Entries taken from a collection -
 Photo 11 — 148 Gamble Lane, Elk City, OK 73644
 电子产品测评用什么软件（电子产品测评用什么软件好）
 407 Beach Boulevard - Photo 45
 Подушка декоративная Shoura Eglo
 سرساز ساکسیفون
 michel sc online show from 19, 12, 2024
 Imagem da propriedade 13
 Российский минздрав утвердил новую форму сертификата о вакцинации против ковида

--

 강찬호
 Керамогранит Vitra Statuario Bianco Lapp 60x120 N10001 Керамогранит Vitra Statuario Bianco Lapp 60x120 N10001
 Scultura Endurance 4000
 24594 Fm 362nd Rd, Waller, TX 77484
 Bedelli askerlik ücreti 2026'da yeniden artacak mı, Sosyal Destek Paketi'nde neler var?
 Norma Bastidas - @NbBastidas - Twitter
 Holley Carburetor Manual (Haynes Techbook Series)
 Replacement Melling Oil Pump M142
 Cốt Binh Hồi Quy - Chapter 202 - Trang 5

Assignment -
Reprint exactly the lines above that start at the one with "Подушка декоративная Shoura Eglo" and end at the one with "Российский минздрав утвердил", keeping both and adding none.

Written response -
 Подушка декоративная Shoura Eglo
 سرساز ساکسیفون
 michel sc online show from 19, 12, 2024
 Imagem da propriedade 13
 Российский минздрав утвердил новую форму сертификата о вакцинации против ковида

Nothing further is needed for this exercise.